President Xi is determined to force the reunification between the Mainland and what the Communist Party considers to be a rogue island province, at a time no later than 2049 when China will be celebrating the centenary of the founding of the People’s Republic.
For a long time, Beijing sought to reclaim ownership through diplomacy, but this may have now changed: earlier this year Chinese Premier Li Keqiang left out the word “peaceful” when referring to Beijing’s desire to “reunify” with the island.
On the face of it this should be worrying for Taiwan, whose armed forces are dwarfed by those on the mainland (see the infographic above).
Yet for all China’s bluster, invading Taiwan would make D-Day look like an afternoon regatta. As this analysis shows, Chinese forces would have to make it across a hundred mile stretch of sea and successfully invade a mountainous island that’s had seventy years to prepare. Given the hundreds of thousands of troops needed to make a success of it, a build-up to any invasion would also be easy to spot.
Far more likely would be for China to seize some of the outlying Taiwanese islands and see what happened next. Would, for instance, the US intervene?
Whilst America doesn’t have a legal requirement to come to Taiwan’s aid, it has recently re-committed its support to the island nation, sentiments backed up by arms sales. If the US did want to fight on Taiwan’s behalf, then it has enough assets in the region (including submarines) to make it very tough indeed for a Chinese invasion force to even reach Taiwan, let alone conquer it.
Whether the PLA is able to launch a full invasion of a Taiwan under US protection is hard to tell.
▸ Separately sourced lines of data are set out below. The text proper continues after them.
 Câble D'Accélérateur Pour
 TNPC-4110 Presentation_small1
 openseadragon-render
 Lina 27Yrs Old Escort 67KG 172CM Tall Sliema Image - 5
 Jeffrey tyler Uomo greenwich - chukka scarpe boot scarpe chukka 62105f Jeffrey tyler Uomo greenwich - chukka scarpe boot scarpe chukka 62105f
What is for sure is that Beijing is investing in its armed forces to signal its ability to try, and that may be enough to persuade future American Presidents that Taiwan isn’t worth the effort. As Sun Tzu once said, “The supreme art of war is to subdue the enemy without fighting.”
Avoiding a war would be handy for China given the questions over its military proficiency. Almost all the China watchers that I have spoken to agree that the PLA is not yet strong enough to challenge America and its allies in open warfare. Years of combat inactivity take a long time to correct, especially against Western forces that have been more at constant war for decades in various parts of the world. Their equipment also heavily lags behind in capability, despite years of investment: a third of China’s fighters are second generation planes, which were phased out by the US years ago.
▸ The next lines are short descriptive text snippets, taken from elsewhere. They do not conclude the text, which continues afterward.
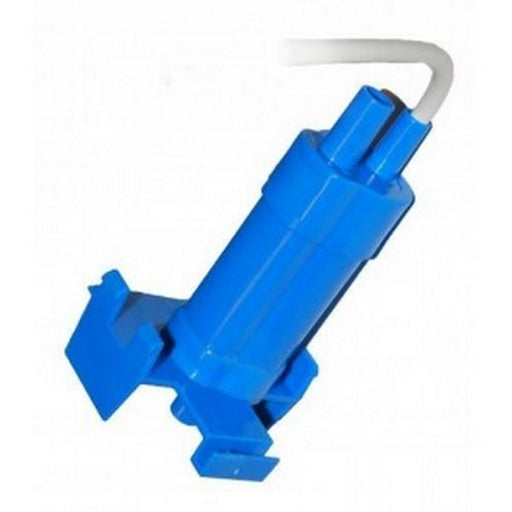 Thetford Flush Pump for C250 Thetford - Dynamic Drive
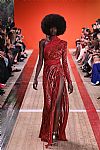 2020 Spring Summer', 'Elie Saab', 'Full Length', 'SAAB_WCFS20_225.JPG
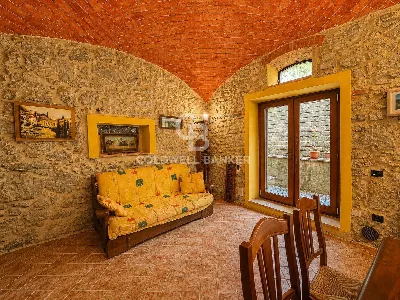 Appartamento in vendita a Manciano - foto 10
This is not to say there might not be skirmishes between the two sides. US and Chinese forces have already clashed in the past (like the spy plane incident of 2001), and with a lack of naval protocols in the South China Sea, there may be more to come. A Chinese vessel ramming a Western naval ship is not an unimaginable scenario, and something to consider for those countries intent on performing Freedom of Navigation patrols there, like the UK and Australia.
However, the one realistic location for actual war to start is around Taiwan. With Beijing having put so much store into reuniting the two sides of the Straits, it is hard to see how there won’t be a military push to retake the island if diplomacy breaks down. If China does invade, then all eyes will be on America and its allies to see how they respond.
Until such a day, however, it is more than likely that the only US-Chinese combat on display will be on intellectual property-defying propaganda videos.